On Mon, Jun 25, 2012 at 4:04 AM, Robert Haas  wrote:
> On Fri, Jun 22, 2012 at 12:38 PM, Euler Taveira  wrote:
>> On 20-06-2012 17:40, Marko Kreen wrote:
>>> On Wed, Jun 20, 2012 at 10:05 PM, Florian Pflug  wrote:
 I'm starting to think that relying on SSL/TLS for compression of
 unencrypted connections might not be such a good idea after all. We'd
 be using the protocol in a way it quite clearly never was intended to
 be used...
>>>
>>> Maybe, but what is the argument that we should avoid
>>> on encryption+compression at the same time?
>>>
>>> AES is quite lightweight compared to compression, so should
>>> be no problem in situations where you care about compression.
>>>
>> If we could solve compression problem without AES that will turn things
>> easier. Compression-only via encryption is a weird manner to solve the 
>> problem
>> in the user's POV.
>>
>>> RSA is noticeable, but only for short connections.
>>> Thus easily solvable with connection pooling.
>>>
>> RSA overhead is not the main problem. SSL/TLS setup is.
>>
>>> And for really special compression needs you can always
>>> create a UDF that does custom compression for you.
>>>
>> You have to own the code to modify it; it is not always an option.
>>
>>> So what exactly is the situation we need to solve
>>> with postgres-specific protocol compression?
>>>
>> Compression only support. Why do I need to set up SSL/TLS just for 
>> compression?
>>
>> IMHO SSL/TLS use is no different from relying in another library to handle
>> compression for the protocol and more it is compression-specific. That way, 
>> we
>> could implement another algorithms in such library without needing to modify
>> libpq code. Using SSL/TLS you are bounded by what SSL/TLS software products
>> decide to use as compression algorithms. I'll be happy to maintain the code
>> iif it is postgres-specific or even as close as possible to core.
>
> I guess my feeling on this is that, so far as I can see, supporting
> compression via OpenSSL involves work and trade-offs, and supporting
> it without depending on OpenSSL also involves work, and trade-offs.

Nice summary :)

> So it's not real evident to me that we should prefer one to the other
> on general principle.  It seems to me that a lot might come down to
> performance.  If someone can demonstrate that using an external
> library involves gets significantly better compression, chews up
> significantly less CPU time, and/or is significantly less code than
> supporting this via OpenSSL, then maybe we ought to consider it.

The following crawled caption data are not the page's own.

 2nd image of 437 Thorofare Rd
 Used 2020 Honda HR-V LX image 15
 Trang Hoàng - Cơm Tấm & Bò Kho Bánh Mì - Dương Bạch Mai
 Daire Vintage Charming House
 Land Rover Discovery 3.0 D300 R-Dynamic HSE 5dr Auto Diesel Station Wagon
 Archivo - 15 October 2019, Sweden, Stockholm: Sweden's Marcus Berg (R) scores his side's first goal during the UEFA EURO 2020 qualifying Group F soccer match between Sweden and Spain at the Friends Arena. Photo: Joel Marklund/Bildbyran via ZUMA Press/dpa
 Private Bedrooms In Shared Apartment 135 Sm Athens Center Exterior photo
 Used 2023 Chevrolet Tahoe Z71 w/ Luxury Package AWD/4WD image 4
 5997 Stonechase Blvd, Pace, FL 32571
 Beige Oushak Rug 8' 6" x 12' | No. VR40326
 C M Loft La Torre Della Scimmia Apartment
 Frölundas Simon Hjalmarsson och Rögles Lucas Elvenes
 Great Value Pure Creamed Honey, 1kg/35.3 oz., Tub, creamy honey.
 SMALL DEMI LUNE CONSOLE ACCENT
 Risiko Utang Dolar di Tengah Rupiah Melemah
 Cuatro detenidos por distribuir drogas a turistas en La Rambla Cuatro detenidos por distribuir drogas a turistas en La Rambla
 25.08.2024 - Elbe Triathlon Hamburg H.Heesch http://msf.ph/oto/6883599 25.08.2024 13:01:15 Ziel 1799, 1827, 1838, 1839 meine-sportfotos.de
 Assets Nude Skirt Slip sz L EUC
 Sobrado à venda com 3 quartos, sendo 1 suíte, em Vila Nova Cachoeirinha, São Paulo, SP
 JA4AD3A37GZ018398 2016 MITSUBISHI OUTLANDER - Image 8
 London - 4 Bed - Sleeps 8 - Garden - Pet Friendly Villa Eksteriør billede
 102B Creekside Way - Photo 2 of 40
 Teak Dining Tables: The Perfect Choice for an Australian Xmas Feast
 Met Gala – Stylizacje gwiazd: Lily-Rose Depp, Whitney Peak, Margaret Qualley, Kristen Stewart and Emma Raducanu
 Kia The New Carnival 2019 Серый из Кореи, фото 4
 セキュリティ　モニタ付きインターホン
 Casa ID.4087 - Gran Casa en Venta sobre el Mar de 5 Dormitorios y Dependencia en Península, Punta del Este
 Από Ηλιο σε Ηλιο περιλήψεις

I think we should, yes. But as you say, we need to know first. It's
also a question of if one of these compression schemes are trivial
enough that we could embed the code rather than rely on it externally
- I have no idea if that's even remotely possibe, but that would move
the goalposts a bit too.

> OpenSSL is kind of an ugly piece of code, and all things being equal
> depending on it more heavily would not be my first choice.

Indeed.

But we should really stop saying "rely on openssl" and start saying
"rely on the ssl library". There are other SSL libraries which are not
quite so ugly, which we should eventually support.

That said, it's *still* a bit ugly to rely on the SSL library for this, IMO.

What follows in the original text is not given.